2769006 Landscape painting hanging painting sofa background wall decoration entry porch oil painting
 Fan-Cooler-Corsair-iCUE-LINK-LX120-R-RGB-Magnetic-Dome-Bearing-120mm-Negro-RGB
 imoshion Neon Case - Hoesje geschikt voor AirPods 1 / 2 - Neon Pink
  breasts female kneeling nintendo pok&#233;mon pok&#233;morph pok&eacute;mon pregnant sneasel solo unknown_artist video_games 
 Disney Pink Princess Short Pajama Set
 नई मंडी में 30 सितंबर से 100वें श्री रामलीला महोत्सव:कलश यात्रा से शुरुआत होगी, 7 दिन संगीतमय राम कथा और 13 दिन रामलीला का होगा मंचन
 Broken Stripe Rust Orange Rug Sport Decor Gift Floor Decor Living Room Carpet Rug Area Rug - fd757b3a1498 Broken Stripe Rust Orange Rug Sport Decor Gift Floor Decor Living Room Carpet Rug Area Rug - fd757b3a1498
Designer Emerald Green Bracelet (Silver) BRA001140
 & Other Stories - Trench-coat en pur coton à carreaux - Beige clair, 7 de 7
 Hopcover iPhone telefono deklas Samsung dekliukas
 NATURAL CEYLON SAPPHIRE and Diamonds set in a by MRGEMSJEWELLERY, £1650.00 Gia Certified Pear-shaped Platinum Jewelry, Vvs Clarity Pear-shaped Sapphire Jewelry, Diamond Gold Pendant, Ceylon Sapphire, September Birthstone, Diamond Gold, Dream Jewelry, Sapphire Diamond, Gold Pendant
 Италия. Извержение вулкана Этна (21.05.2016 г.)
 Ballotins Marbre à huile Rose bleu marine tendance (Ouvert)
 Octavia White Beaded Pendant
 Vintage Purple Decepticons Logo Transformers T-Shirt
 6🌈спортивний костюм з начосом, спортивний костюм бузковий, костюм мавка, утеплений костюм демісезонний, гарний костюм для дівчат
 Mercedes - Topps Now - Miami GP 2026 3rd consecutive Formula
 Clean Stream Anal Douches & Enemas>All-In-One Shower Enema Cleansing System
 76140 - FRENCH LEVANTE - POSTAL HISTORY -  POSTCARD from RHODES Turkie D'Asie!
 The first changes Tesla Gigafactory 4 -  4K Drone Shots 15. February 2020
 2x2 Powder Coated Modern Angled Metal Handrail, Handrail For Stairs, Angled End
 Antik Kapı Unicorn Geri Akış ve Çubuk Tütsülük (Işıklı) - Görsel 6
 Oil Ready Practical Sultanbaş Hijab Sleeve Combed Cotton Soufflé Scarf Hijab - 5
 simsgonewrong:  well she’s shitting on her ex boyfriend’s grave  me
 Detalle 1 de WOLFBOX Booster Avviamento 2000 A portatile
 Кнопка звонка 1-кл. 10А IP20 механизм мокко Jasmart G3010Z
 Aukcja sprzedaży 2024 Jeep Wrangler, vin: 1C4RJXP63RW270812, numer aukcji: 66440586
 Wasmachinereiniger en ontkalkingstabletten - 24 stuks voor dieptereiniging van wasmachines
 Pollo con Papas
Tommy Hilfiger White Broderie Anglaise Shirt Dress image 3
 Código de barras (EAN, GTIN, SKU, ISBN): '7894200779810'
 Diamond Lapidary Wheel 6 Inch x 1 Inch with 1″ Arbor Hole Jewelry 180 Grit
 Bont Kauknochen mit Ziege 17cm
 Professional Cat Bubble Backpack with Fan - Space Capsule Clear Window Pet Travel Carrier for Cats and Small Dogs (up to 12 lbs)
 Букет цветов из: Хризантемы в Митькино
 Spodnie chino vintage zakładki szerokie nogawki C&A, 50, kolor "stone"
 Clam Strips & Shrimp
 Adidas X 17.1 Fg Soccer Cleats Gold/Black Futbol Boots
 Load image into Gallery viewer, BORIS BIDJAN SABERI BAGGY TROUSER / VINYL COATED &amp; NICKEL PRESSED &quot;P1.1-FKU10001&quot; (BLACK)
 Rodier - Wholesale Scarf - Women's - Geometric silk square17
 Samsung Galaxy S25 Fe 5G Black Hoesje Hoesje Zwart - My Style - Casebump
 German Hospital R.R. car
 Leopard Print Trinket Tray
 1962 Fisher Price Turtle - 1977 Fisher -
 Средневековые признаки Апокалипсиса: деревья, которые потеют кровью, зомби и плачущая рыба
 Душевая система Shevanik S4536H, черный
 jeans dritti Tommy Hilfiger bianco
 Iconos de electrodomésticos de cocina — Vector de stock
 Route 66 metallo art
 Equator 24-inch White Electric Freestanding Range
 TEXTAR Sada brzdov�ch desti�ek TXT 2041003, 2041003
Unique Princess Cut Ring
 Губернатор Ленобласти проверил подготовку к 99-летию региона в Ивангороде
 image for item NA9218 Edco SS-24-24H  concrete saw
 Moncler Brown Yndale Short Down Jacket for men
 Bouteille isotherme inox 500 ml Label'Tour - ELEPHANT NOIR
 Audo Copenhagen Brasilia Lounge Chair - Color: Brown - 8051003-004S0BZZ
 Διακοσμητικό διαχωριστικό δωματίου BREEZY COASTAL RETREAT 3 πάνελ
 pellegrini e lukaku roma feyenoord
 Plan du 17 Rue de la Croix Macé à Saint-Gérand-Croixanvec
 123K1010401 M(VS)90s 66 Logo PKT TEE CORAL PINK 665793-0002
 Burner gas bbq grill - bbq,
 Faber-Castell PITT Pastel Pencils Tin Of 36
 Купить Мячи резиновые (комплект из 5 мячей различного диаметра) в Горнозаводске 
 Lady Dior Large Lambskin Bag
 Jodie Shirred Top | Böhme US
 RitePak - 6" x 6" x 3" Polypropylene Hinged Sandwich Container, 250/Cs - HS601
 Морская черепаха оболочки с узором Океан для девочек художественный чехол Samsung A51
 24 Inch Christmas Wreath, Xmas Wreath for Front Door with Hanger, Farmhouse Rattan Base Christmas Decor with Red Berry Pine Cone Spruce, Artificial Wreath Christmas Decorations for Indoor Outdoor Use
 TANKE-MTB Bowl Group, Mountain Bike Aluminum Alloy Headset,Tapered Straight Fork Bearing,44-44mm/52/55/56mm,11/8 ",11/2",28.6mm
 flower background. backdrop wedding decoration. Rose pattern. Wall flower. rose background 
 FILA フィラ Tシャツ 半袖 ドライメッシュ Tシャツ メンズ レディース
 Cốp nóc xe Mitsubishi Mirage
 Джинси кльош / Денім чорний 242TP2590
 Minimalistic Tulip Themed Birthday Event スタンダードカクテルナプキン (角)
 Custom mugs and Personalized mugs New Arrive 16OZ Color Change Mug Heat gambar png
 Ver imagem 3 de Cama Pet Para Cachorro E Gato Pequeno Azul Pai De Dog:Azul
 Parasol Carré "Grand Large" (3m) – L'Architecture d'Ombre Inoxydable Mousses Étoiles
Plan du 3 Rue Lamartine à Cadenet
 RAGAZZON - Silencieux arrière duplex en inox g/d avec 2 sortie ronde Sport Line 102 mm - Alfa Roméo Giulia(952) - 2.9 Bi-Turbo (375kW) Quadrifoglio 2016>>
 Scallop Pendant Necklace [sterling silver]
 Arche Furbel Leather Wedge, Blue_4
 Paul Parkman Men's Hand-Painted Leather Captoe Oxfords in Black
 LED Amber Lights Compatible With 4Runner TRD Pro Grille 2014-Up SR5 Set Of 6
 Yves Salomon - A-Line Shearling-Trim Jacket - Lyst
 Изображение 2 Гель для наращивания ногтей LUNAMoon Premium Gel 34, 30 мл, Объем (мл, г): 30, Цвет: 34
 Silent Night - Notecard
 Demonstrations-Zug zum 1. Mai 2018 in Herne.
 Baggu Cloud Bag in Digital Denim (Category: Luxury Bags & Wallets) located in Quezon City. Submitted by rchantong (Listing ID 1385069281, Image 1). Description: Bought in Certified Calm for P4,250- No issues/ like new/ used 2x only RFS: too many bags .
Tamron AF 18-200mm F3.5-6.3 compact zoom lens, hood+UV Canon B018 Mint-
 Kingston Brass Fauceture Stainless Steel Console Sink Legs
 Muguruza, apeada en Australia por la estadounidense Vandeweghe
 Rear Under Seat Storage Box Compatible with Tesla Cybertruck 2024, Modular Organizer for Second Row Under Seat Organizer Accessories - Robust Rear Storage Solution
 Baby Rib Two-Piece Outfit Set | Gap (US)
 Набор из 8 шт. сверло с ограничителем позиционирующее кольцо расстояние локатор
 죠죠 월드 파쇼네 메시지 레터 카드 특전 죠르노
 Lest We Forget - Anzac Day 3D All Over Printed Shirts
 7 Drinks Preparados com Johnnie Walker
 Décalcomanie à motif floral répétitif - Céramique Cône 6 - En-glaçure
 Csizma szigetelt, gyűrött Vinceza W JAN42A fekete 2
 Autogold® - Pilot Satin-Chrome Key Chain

Work required:
Using the records above, write out exactly the lines between the one holding "imoshion Neon Case" and the one holding "Mercedes - Topps", inclusive; leave everything else out.

Solution for this exercise:
 imoshion Neon Case - Hoesje geschikt voor AirPods 1 / 2 - Neon Pink
  breasts female kneeling nintendo pok&#233;mon pok&#233;morph pok&eacute;mon pregnant sneasel solo unknown_artist video_games 
 Disney Pink Princess Short Pajama Set
 नई मंडी में 30 सितंबर से 100वें श्री रामलीला महोत्सव:कलश यात्रा से शुरुआत होगी, 7 दिन संगीतमय राम कथा और 13 दिन रामलीला का होगा मंचन
 Broken Stripe Rust Orange Rug Sport Decor Gift Floor Decor Living Room Carpet Rug Area Rug - fd757b3a1498 Broken Stripe Rust Orange Rug Sport Decor Gift Floor Decor Living Room Carpet Rug Area Rug - fd757b3a1498
Designer Emerald Green Bracelet (Silver) BRA001140
 & Other Stories - Trench-coat en pur coton à carreaux - Beige clair, 7 de 7
 Hopcover iPhone telefono deklas Samsung dekliukas
 NATURAL CEYLON SAPPHIRE and Diamonds set in a by MRGEMSJEWELLERY, £1650.00 Gia Certified Pear-shaped Platinum Jewelry, Vvs Clarity Pear-shaped Sapphire Jewelry, Diamond Gold Pendant, Ceylon Sapphire, September Birthstone, Diamond Gold, Dream Jewelry, Sapphire Diamond, Gold Pendant
 Италия. Извержение вулкана Этна (21.05.2016 г.)
 Ballotins Marbre à huile Rose bleu marine tendance (Ouvert)
 Octavia White Beaded Pendant
 Vintage Purple Decepticons Logo Transformers T-Shirt
 6🌈спортивний костюм з начосом, спортивний костюм бузковий, костюм мавка, утеплений костюм демісезонний, гарний костюм для дівчат
 Mercedes - Topps Now - Miami GP 2026 3rd consecutive Formula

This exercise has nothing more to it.